▶ [Task brief] Copy, from the entries below, each line where the word "Handbag" can be found.

▶ [Input records]

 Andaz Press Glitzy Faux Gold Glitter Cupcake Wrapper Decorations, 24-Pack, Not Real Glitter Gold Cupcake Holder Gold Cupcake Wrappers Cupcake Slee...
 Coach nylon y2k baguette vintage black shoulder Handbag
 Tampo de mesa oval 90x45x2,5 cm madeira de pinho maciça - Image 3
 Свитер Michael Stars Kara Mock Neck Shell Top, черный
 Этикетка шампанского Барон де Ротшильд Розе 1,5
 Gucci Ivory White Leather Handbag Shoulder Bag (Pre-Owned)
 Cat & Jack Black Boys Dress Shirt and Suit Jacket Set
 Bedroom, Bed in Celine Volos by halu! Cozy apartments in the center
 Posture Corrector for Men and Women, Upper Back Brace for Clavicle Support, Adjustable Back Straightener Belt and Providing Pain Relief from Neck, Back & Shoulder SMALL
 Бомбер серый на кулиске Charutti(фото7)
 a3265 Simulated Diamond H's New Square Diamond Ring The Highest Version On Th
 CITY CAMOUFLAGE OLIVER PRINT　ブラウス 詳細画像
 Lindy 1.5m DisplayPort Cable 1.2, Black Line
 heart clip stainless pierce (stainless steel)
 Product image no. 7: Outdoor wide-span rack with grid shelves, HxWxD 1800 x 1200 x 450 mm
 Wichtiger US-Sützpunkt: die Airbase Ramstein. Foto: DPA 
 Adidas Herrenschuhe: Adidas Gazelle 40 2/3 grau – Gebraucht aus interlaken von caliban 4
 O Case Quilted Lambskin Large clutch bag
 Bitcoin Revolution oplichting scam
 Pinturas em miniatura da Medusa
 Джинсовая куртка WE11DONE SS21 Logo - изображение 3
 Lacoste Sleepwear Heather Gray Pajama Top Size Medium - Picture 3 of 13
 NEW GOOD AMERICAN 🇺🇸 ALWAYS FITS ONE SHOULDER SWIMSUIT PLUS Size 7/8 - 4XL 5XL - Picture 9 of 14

▶ [Solution]
 Coach nylon y2k baguette vintage black shoulder Handbag
 Gucci Ivory White Leather Handbag Shoulder Bag (Pre-Owned)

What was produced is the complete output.